It’s a lot like asking which of these contains salt and which contains pepper.

It doesn’t matter what you think. It matters what the guy filling the shakers thought. Similarly, what matters when measuring quality is the tenant’s perception, not our own. To understand that, we’ve got to embed a feedback loop into our service delivery program. Simply put, that means asking the question after the service has been performed.

Let’s first be clear on the “when you ask” aspect to this section. When I say you should solicit feedback after the service is performed, I mean immediately. The longer the period between service delivery and feedback opportunity, the less likely you’ll receive a response and, importantly, the less likely you are to receive their honest and visceral response to the actual work you just delivered. Ideally, you want the feedback loop to commence automatically upon work completion.

I’ve spoken to a number of clients about the ‘how often’ to ask the question and it does vary based upon your tenant’s service request submission model. I know that sounds complicated, but it really boils down to the volume of service requests made by an individual. The more they submit (as an individual) then the frequency with which you can/should ask for feedback should be dialed back. It’s an important consideration, because too many work completed surveys to the same person is both an irritant to the individual and also presents the opportunity for feedback to be inappropriately tagged to the wrong issue.

The primary factor that will influence the individual’s service request volume is whether every tenant employee is able to submit requests or whether the tenant funnels requests via an office manager or other employee.
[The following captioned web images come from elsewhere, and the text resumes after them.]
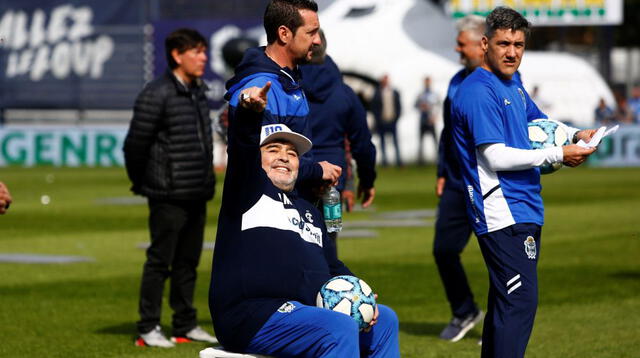 Un nuevo problema para Maradona en Gimnasia y Esgrima.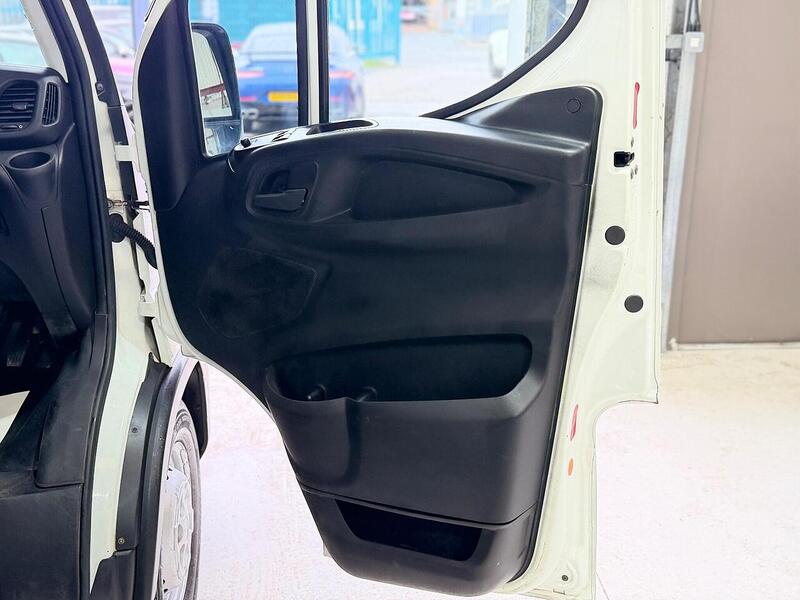 Iveco Daily 2.3D HPI 14V 35S 3520 MWB H2 Euro 6 (s/s) 5dr - U421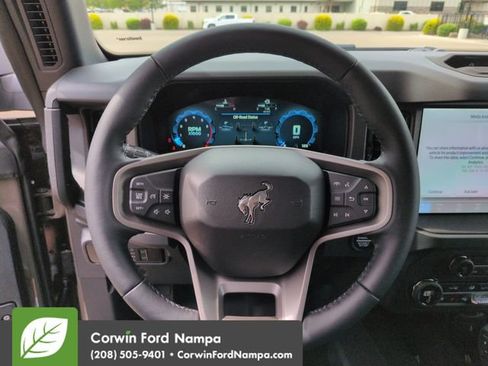 New 2026 Ford Bronco Badlands w/ Sasquatch Package AWD/4WD image 14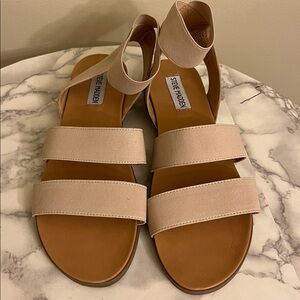 Steve Madden Effie sandal size 8.5 EUC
As a general rule, if all employees (or many) can submit requests, the frequency for feedback can be dialed to a 1:1 ratio for each request because the load is spread thinly across the tenant employee community. For a funneled tenant submission model (via the office manager), the frequency will be dialed out based upon the total work order volume anticipated on a daily basis, divided by the number of authorized requestor tenant employees. I frequently hear of high work order volume anchor tenants with a funneled submission model having their feedback frequency dialed to 1:5 or 1:10 – 1 request for feedback every 5 or 10 work orders.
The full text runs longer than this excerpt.